EXERCISE AIM. The material below holds pictures, which are to be left out; copy exactly the lines from the one with "6x300 ML Pantene" through the one with "celeste, Pequeno Subliminal".

TASK INPUTS.
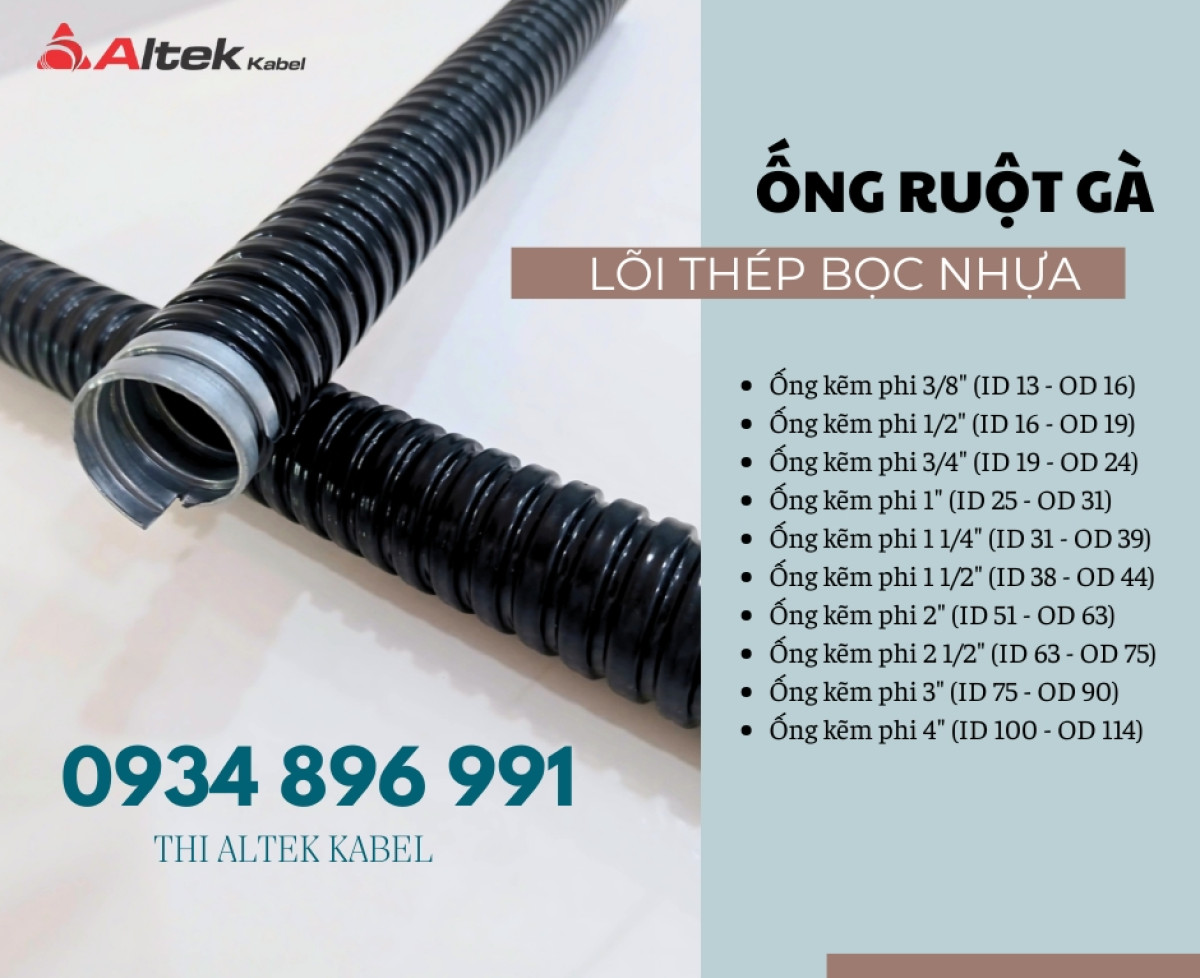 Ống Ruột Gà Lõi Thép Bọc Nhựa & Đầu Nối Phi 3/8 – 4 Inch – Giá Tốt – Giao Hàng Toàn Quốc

---

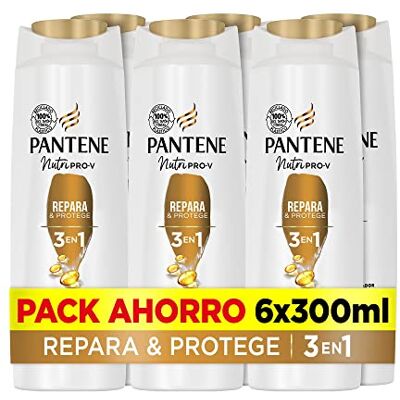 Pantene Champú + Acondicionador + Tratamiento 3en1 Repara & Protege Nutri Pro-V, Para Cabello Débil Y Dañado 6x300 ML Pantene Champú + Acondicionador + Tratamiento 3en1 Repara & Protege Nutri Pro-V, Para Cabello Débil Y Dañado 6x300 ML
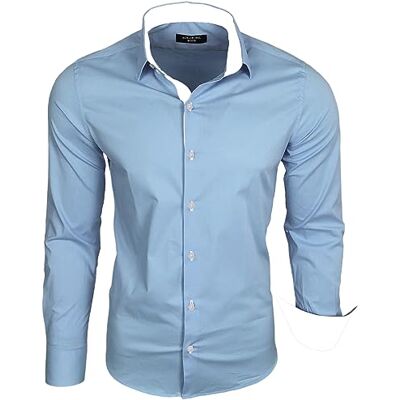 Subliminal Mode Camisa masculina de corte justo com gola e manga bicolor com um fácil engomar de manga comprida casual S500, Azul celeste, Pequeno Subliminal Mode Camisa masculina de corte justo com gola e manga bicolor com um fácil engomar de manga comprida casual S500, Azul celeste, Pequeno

REPLY.
 Pantene Champú + Acondicionador + Tratamiento 3en1 Repara & Protege Nutri Pro-V, Para Cabello Débil Y Dañado 6x300 ML Pantene Champú + Acondicionador + Tratamiento 3en1 Repara & Protege Nutri Pro-V, Para Cabello Débil Y Dañado 6x300 ML
 Subliminal Mode Camisa masculina de corte justo com gola e manga bicolor com um fácil engomar de manga comprida casual S500, Azul celeste, Pequeno Subliminal Mode Camisa masculina de corte justo com gola e manga bicolor com um fácil engomar de manga comprida casual S500, Azul celeste, Pequeno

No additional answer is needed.